** Supplied material follows **

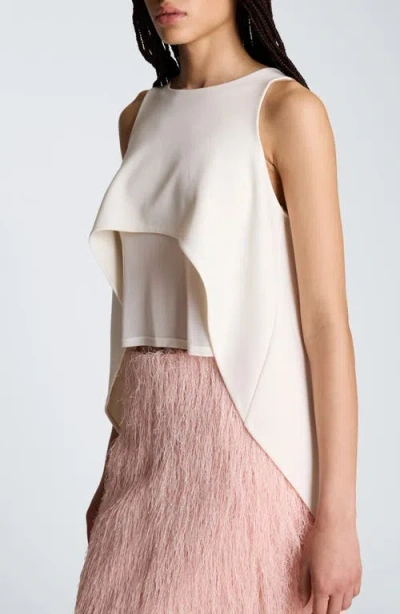 Kenneth Cole High/low Layer Tank In White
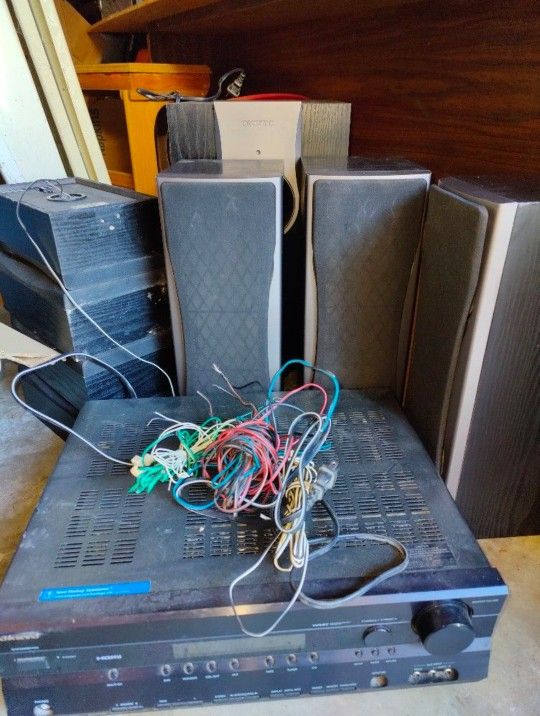 Onkyo 7.1 Ch Home Theater System $110 obo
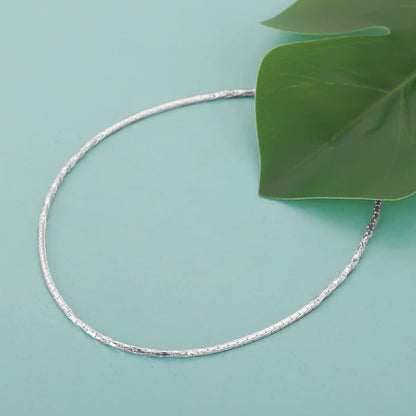 Silver Sparkling Light Anklet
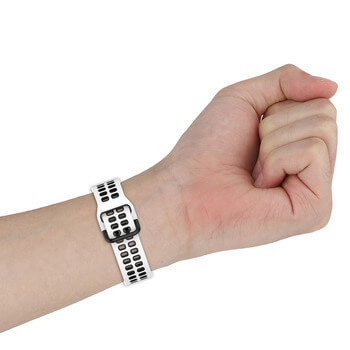 Športový silikónový remienok pre chytré hodinky Samsung Galaxy Watch 6 Classic 43 mm - čierny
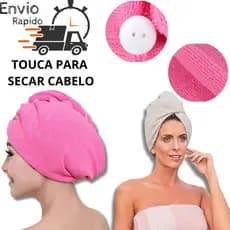 toalha de banho touca de banho para cabelo toalha micro fibra grossa touca para secar cabelo micro fibra
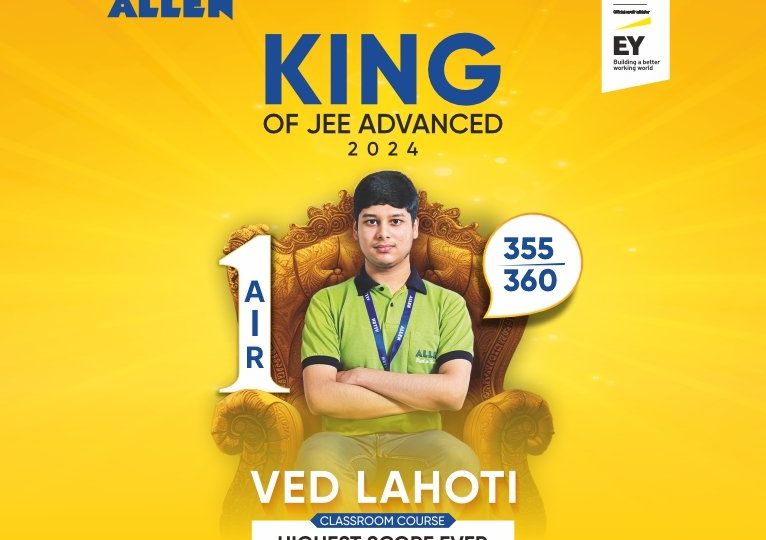 AIR-1 Ved Lahoti JEE Advanced 2024 Topper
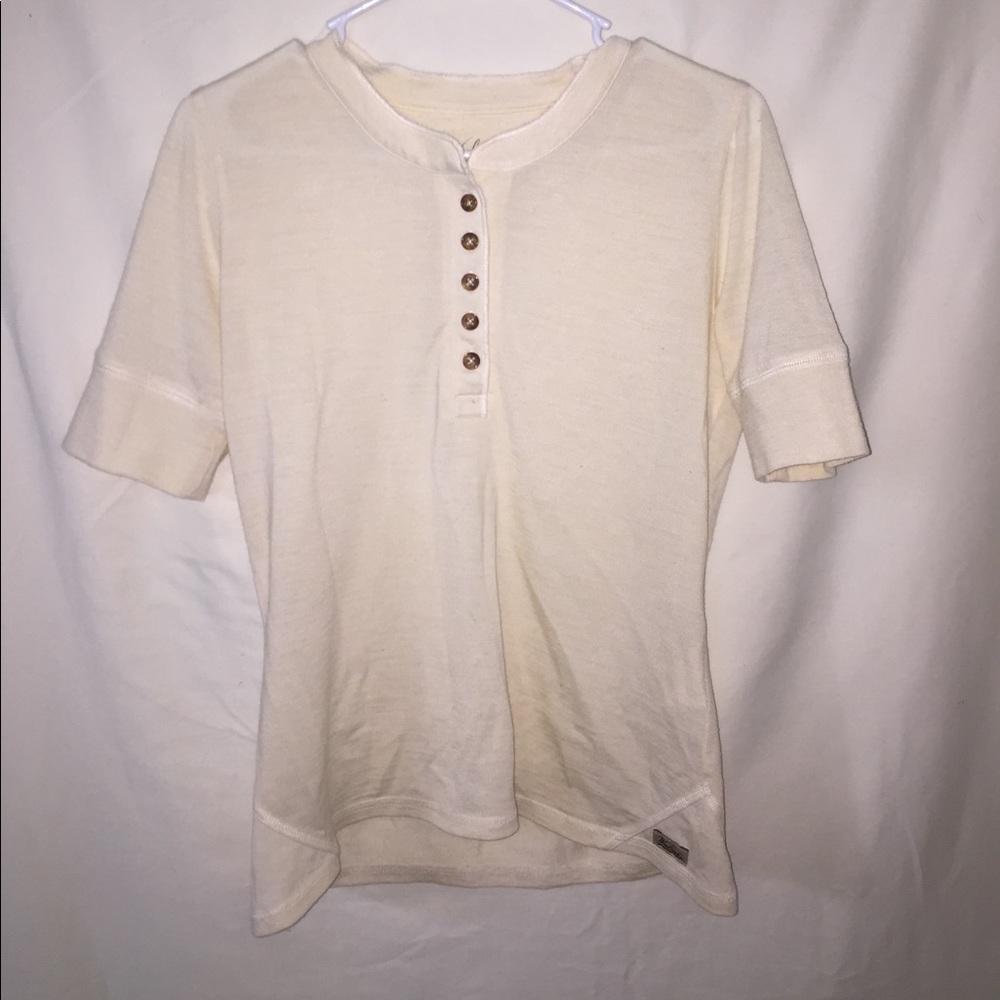 Cream colored t-shirt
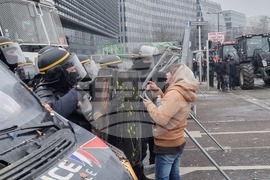 Франция - Страсбург - земеделци - протест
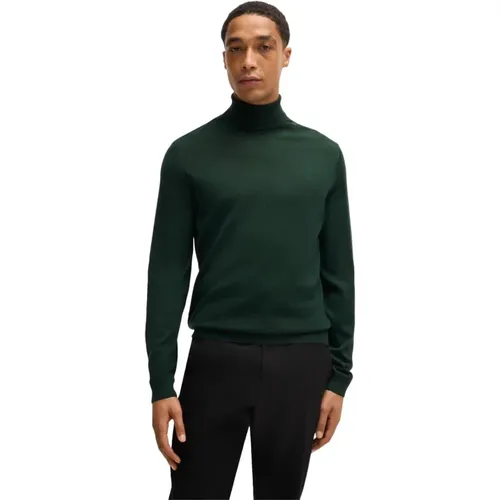 Merinowolle Rollkragenpullover , Herren, Größe: S - Hugo Boss - Modalova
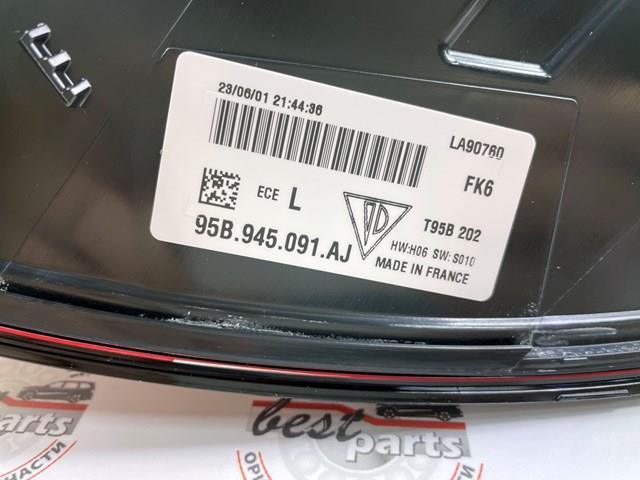 Ліхтар задній лівий, зовнішній 95B945091AJ Porsche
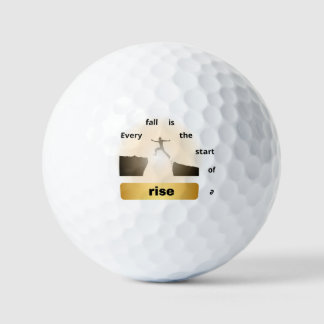 "Every Fall Is the Start of a Rise – Leap of Hope" Golfballen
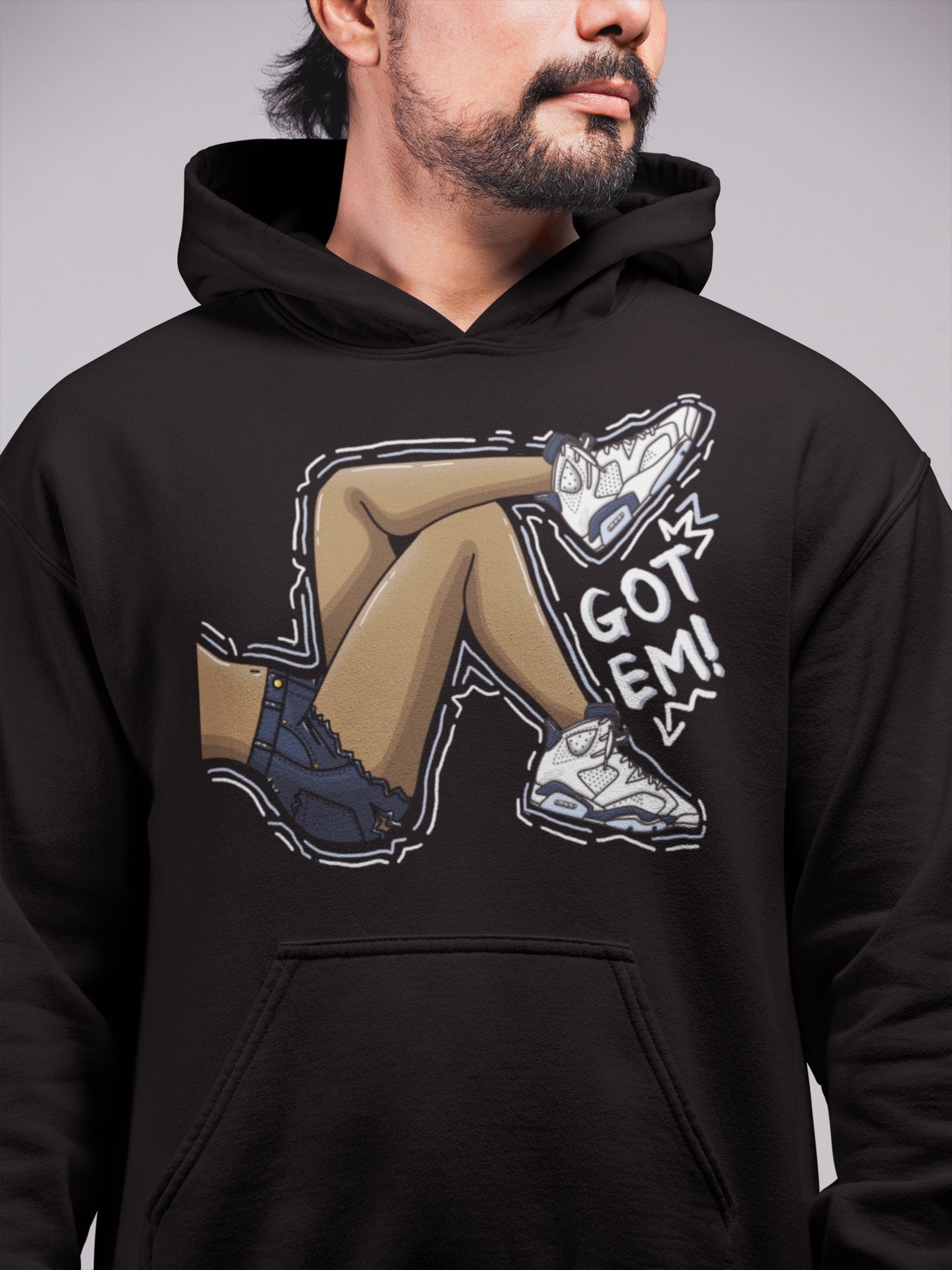 Got Em Legs Unisex Tops - Air Jordan 6 Midnight Navy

** End of Supplied material **

# Your goal
Would you return the records exactly, keeping out every picture?

# Solved problem
 Kenneth Cole High/low Layer Tank In White
 Onkyo 7.1 Ch Home Theater System $110 obo
 Silver Sparkling Light Anklet
 Športový silikónový remienok pre chytré hodinky Samsung Galaxy Watch 6 Classic 43 mm - čierny
 toalha de banho touca de banho para cabelo toalha micro fibra grossa touca para secar cabelo micro fibra
 AIR-1 Ved Lahoti JEE Advanced 2024 Topper
 Cream colored t-shirt
 Франция - Страсбург - земеделци - протест
 Merinowolle Rollkragenpullover , Herren, Größe: S - Hugo Boss - Modalova
 Ліхтар задній лівий, зовнішній 95B945091AJ Porsche
 "Every Fall Is the Start of a Rise – Leap of Hope" Golfballen
 Got Em Legs Unisex Tops - Air Jordan 6 Midnight Navy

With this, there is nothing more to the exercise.